As former Treasury assistant secretary David Pearl wrote on Monday, Ms Bullock is trying to tread a narrow path sticking to policy principles while avoiding a public split with Jim Chalmers. Despite the federal Treasurer urging Labor members to say little about a rates cut, frontbenchers also waded into the fray on Monday. Environment Minister Tanya Plibersek stated the obvious – “mortgage holders are hoping for a rate cut” – and Assistant Immigration Minister Matt Thistlethwaite said household borrowers “deserve some rate relief”.
Peter Dutton also joined the chorus to score a point: “I really hope, for the sake of Australians who have had 12 interest rate increases under Mr Albanese, that there is a 25-point cut, or if it’s more than that, that’s fantastic, but families need relief,” he said. Nor has Dr Chalmers always been as restrained in standing back from the board’s deliberations. In early September he complained that the RBA was “smashing the economy” with its aggressive run of rate hikes. “With all this global uncertainty on top of the impact of rate rises, which are smashing the economy, it would be no surprise at all if the national accounts on Wednesday show growth is soft and subdued,” he said. He also described earlier interest rate rises as “harsh and heavy”.

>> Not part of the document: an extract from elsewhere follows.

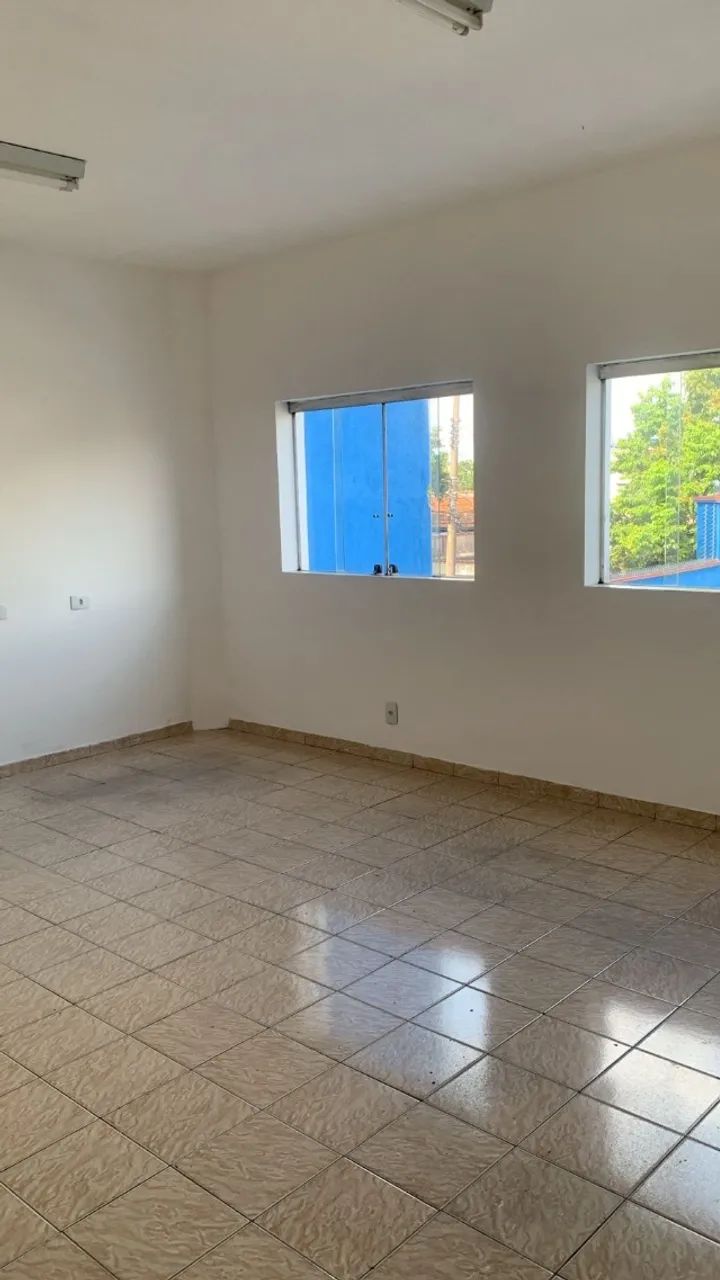 Foto - Santo André - Vila Linda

Markets are factoring in more than a 90 per cent chance of a cut, which economists from the four big banks anticipate will be 25 basis points. But the case for a fall is not clear cut. In the December quarter consumer price index, the RBA’s preferred measure of underlying inflation, known as the trimmed mean (which looks at the middle 70 per cent of the CPI basket after removing the top and bottom 15 per cent of price movements), was 3.2 per cent, just above the central bank’s 2-3 per cent target range. The downward trend, however, has fuelled hopes of a cut. But after 13 rises, a single fall would not be a silver bullet for tight household budgets.
Judo Bank chief economist Warren Hogan, who has warned the RBA against cutting rates on Tuesday, said a cut could spell trouble for homeowners later in the year. “If they do go tomorrow, I think there’ll be a very cautious guidance from the governor, in her press conference as well as in the policy statement,” Mr Hogan told Sky News on Monday. “There’s a very good chance that it’ll be a one-off and then it’s really anyone’s guess what the next move will be, and it could easily be a hike later in the year or next year.” That would be the last outcome borrowers need. Once the fall starts, they need the trend to continue.